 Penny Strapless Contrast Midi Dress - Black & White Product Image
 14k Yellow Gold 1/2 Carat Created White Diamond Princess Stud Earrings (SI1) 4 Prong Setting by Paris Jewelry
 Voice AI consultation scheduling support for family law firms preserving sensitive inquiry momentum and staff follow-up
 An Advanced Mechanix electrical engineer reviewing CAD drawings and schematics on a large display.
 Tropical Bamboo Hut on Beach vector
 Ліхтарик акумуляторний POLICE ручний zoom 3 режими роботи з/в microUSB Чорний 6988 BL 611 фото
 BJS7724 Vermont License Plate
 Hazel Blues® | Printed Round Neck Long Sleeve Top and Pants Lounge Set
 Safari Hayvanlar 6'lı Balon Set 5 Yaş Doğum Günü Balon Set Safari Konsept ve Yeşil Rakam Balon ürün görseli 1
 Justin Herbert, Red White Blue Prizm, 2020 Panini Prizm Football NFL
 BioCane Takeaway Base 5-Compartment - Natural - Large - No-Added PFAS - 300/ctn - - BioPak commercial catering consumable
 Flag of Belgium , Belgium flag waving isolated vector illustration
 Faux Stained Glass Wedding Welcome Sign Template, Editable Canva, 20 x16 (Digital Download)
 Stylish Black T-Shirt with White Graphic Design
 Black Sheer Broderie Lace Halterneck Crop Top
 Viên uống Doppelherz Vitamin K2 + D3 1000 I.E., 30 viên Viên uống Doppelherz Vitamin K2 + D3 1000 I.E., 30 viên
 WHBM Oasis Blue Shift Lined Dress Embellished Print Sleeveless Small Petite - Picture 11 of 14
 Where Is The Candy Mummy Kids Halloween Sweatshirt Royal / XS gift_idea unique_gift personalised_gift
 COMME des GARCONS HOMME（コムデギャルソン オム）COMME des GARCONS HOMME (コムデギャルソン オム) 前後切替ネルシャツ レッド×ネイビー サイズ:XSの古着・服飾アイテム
★ ★ ★ ★ ★
## Description of the task
Going through the records above, count the lines that hold the string "vector" and give only the total.

## The answer
2